Pinnacle meet will grow in 2009


NEW BOSTON, Mich. - In a dismal investment environment of falling stock prices, shrinking interest rates on savings, and record real estate foreclosures, it does not seem like a great plan for your money: Build a Thoroughbred racetrack on a marsh in a state with a collapsing manufacturing base and the highest unemployment rate in the nation.

A year ago, backers of Pinnacle Race Course decided on just that strategy, constructing a track on a bog near Detroit Metropolitan Airport in an effort to keep Thoroughbred racing alive in Michigan. And as the initial meeting at Pinnacle draws to a close on Sunday, it is too early to render a verdict on whether that strategy was a sound one.

Pinnacle is still in building mode. There is only one permanent structure on the track, a pavilion that can accommodate several hundred people and is meant to host party groups. There are outside tables and chairs along the apron, a tent with a portable bar alongside the pavilion, and temporary seating near the finish line that resembles the bleacher seats at a high school football game.

Long-term plans - collectively known as Phase 2 - include the construction of a permanent clubhouse, a turf track inside the one-mile dirt strip, and a retail mall on the outlying property. Other plans will increase the number of barns to aid a chronic shortage of horses in the first season. Due to the ailing economy and tight credit markets, some of the plans will likely be delayed.

"There will still be a Phase 2; how quickly it progresses will be decided over the next months," said Pinnacle general manager Alan Plever. "I know for sure we're going to add some barns for next year. We only had 580 stalls and that worked to our detriment."

Plans for Pinnacle began when Great Lakes Downs in the western part of the state announced that it would end its financially disappointing eight-year tenure as the home of Michigan Thorougbred racing at the end of 2007. Investors, led by local banking magnate Jerry Campbell, decided on the bold but risky plan to build Pinnacle. Construction began in early April and, despite a rainy spring, the bell for the opening race rang on July 18.

With no admission charge, attendance has been difficult to gauge.
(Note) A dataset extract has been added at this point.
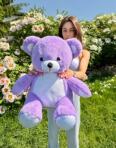 Мишка Бинго 60 см Фиолетовый с белым животиком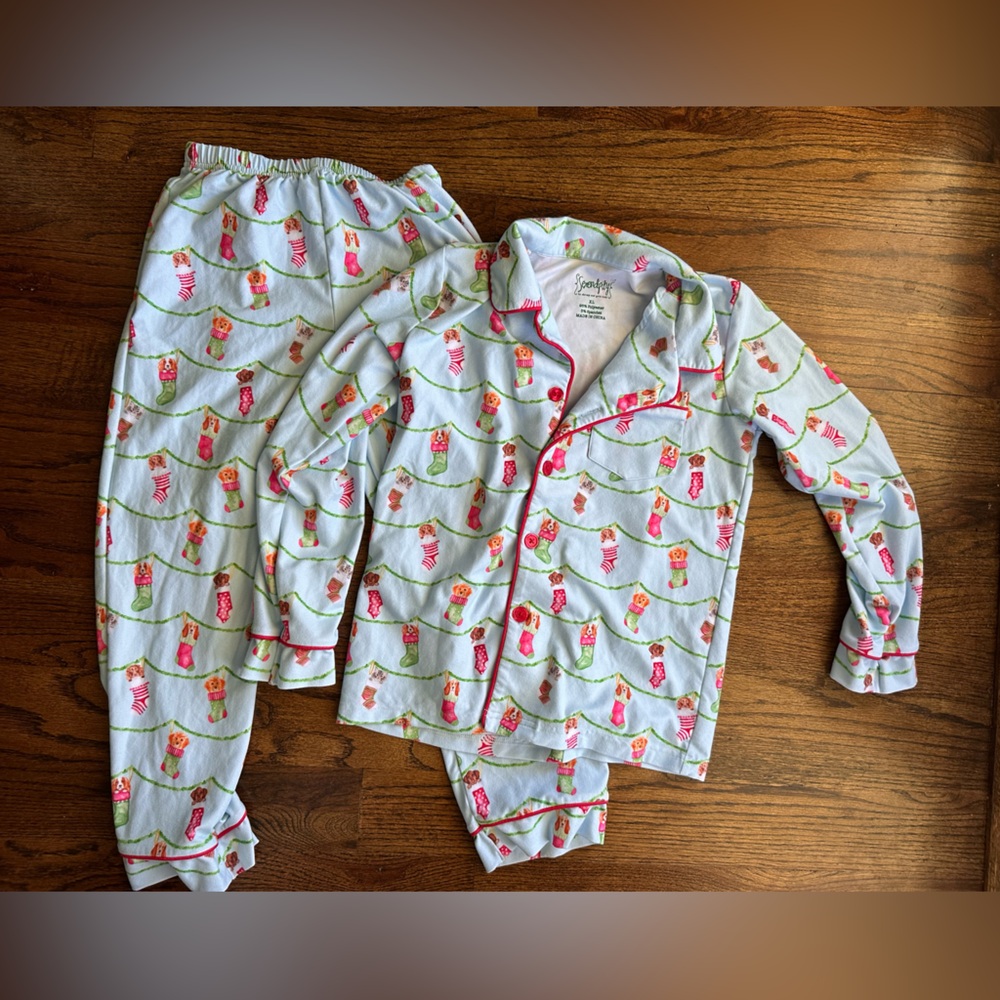 Serendipity by shrimp and grits Christmas pajamas xL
Fans and a good number of families crowded the track, particularly on Sundays. Ontrack handle from live racing shows a significant upswing from Great Lakes. Plever said that daily live handle was hovering around $45,000 going into the final week. Great Lakes averaged $20,753 in ontrack handle in 2007.

Average daily all-sources handle was $162,140, for the meet, which was scheduled for 63 days but lost one card to flooding.
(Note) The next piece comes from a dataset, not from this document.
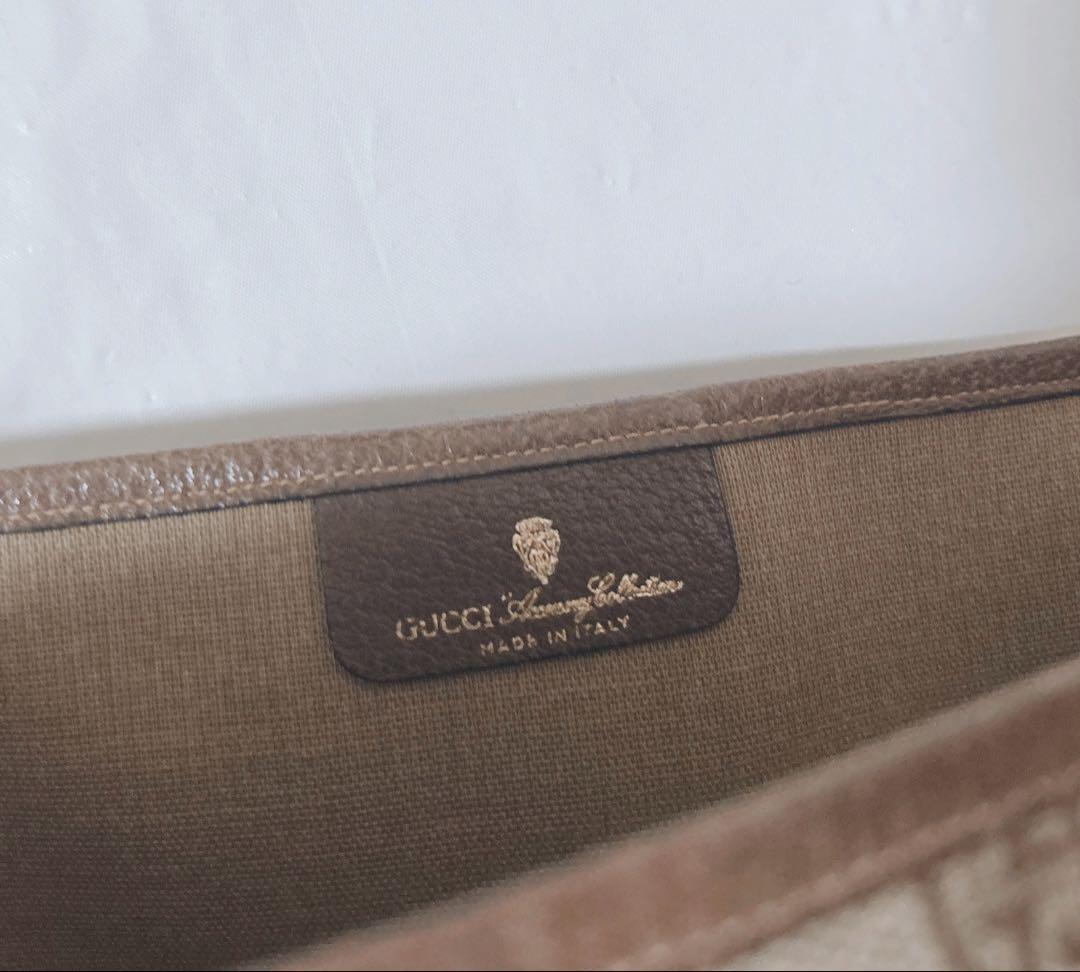 GUCCI　トートバッグ　GGスプリーム　肩掛け　A4収納可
Pinnacle originally applied for 71 racing dates in 2009 but that figure weas increased to 82 following negotiations with the Michigan Horsemen's Benevolent and Protective Association. Racing will begin June 5 and end Oct. 24.

And Pinnacle is here to stay according to Plever.

"I don't think there's any question at all," he said. "Otherwise we've all been wasting a lot of time."

Not to mention money. Pinnacle Race Course may be humble at this point, but for Michigan racing fans and horsemen, it is home. And home is never a bad investment.